Сколько они лежали, неизвестно. Виктор вроде как отключился, провалился от безмолвия в черный сон, в пропасть бездонную падал. Сначала подумал, что это «колодец», о котором профессор языком чесал, а потом вспомнил, что лежит в туннеле, и закряхтел, глаза разлепил. Свистнул, услышал вдали шаги и легкий свист в ответ. Значит, пошли уже вперед, без его команды. Ну, тогда он отвечать ни за кого не берется. Пусть на них этот свет зеленый выльется… Не то, подумал, что-то не то несу.
Мысли стали путаться, потому что защитное поле почти на нуле, еще чуть-чуть и агрессивная среда прорвется и осядет ядом на коже. Тогда уже ничего не нужно будет, ни базу игигов штурмовать, ни звездолеты искать…
Он поднажал и догнал их возле двери. Круглой и задраенной. Стоят, топчутся, тоже мне, воины света, черт возьми.
– Что там?
– Люк тут кажется закрытый.
Мэри фонарем посветила. В паутину влезла, чертыхнулась, и стукнула в отчаянии по железной двери. Философ осмотрел препятствие, насколько его севший фонарь позволял и молча сел, нос расчесывая. Аллергия у него была на сырость и черные туннели.
– Все, пришли, студент. Распаковывай чемодан, здесь жить будем.
– Да ты не хорони нас раньше времени, на тропе и хуже бывало. Дай мне лучше глотнуть.
– Не осталось ничего, сухо.
Минут десять они посидели в тягостном молчании, потом профессор подтянулся и Мэри его опять встречать побежала. Аж разозлился Виктор, что она с ним все нянчится, как с дитём малым, честное слово. Ему так и слова доброго не скажет, а старикашку чуть ли не на своем горбу тащить готова. Впрочем, не его это дело. Он понял, что пары и газы туннеля потихоньку мозг отравляют, скоро он весь желчный сделается, как Стефан Варшавски.

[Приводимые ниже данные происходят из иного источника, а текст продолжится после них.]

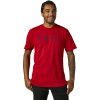Pánské triko Fox Racing Pinnacle Ss Premium Tee - Flame Red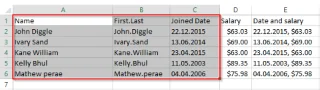 Excel 2016da alternatif satırları veya sütunları otomatik olarak nasıl vurgulayabilirim?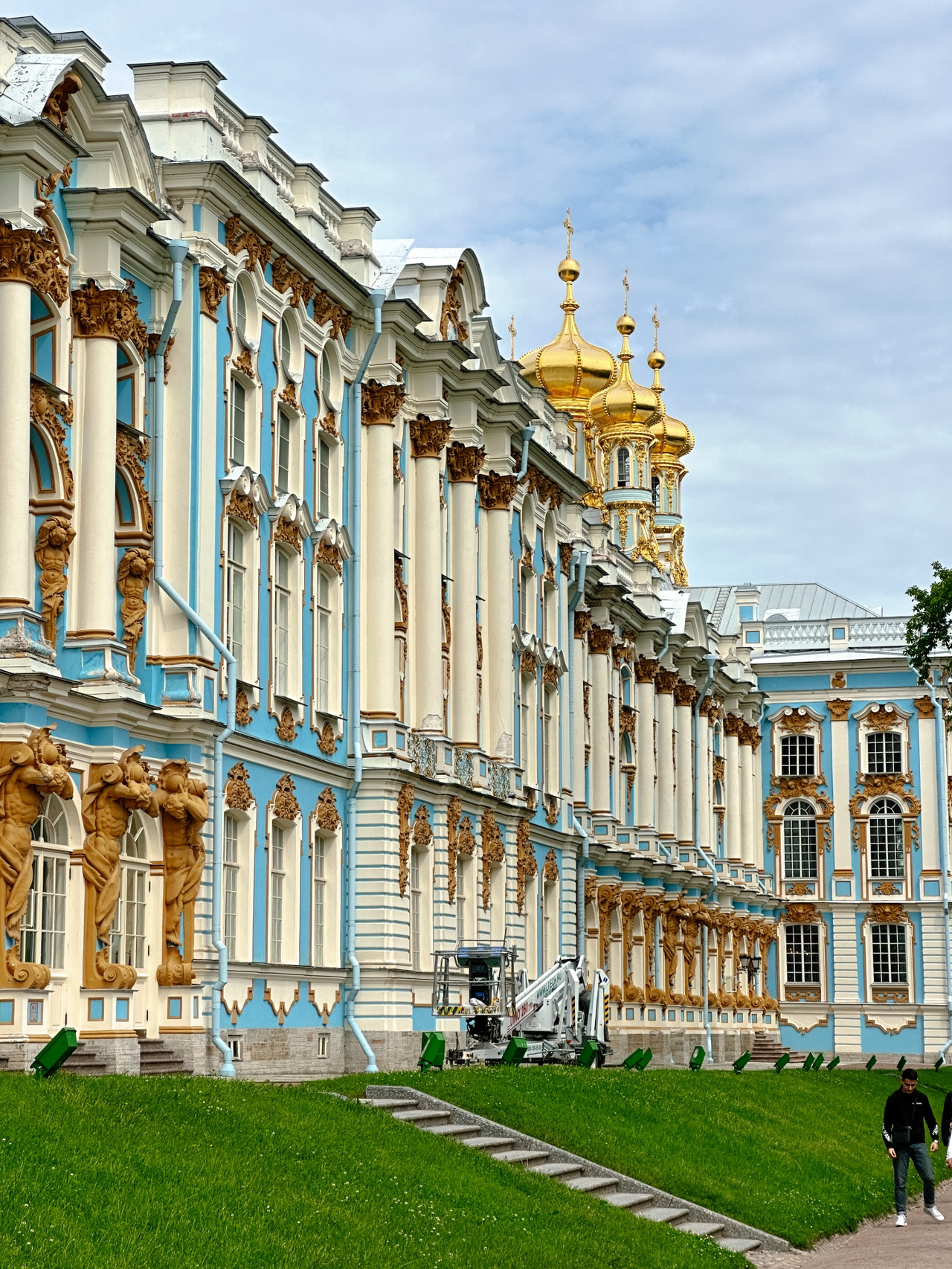 サンクトペテルブルグ オプショナルツアーエカテリーナ宮殿＆ツァールスコエ・セロージェーアイシー旅行センタ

– Как вы, Борис Натанович?
– Да живой еще, сынок, ты обо мне, о старике не волнуйся. Еще повоюем. – Вздохнул, наверно китайскую компанию старик вспомнил, засела та война у него в сердце стальной иглой и колола не вовремя, всегда не вовремя. – А чего сидим? Дошли что ли?
– Дошли, батя, дошли до ручки. – Виктор глаза почесал и попробовал открыть, но ничего не изменилось, все также темно было, как у Страуса в брюхе, и только едва отсвечивала дверь проклятая. – Вы не волнуйтесь, присаживайтесь, где посуше, я вам анекдот расскажу, хотите? Русский, про тундру и две палки…

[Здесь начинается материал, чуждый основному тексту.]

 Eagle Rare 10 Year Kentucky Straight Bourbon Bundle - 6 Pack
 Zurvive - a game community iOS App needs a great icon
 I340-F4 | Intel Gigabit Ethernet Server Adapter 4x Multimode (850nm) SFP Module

Профессор проворчал что-то на своем, неразборчивом, и Виктор замолк, анекдотом не стал травить уши интеллигенции. Глаза опять прикрыл и подумал, хорошо бы сейчас ноги протянуть, сапоги эти тяжеленные, как все грехи мира, снять и вздремнуть часок-другой. Только потом можно и не проснуться. Травит его туннель помаленьку, чтобы в себе похоронить, как и всех, впрочем, тоже. Опять навалилось отчаяние и хотелось бить бесполезным лазером по двери железной, хотелось ругаться на кого-то, требовать и просить у судьбы.

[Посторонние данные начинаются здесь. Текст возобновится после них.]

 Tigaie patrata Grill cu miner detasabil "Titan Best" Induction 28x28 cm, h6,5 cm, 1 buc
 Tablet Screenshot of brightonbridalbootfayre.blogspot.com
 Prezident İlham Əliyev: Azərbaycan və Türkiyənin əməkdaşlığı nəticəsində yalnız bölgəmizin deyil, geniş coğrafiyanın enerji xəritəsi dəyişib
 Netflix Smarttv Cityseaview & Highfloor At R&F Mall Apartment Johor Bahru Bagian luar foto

«Обратно не пойду, – принял он решение. – Не смогу, не доползу, да и поле сейчас совсем сдуется, если еще не сдулось. Шары эти огненные, газы дрянные и вонь, тьма и галлюцинации… Нет, лучше тут останусь. Прощай, Земля, девочки, простите, не вернется ваш мишка плюшевый. Тетку только жалко, старенькая она стала, сентиментальная, реветь будет и носом хлюпать, да причитать, какой умненький мальчик был, сгноили его игиги проклятые».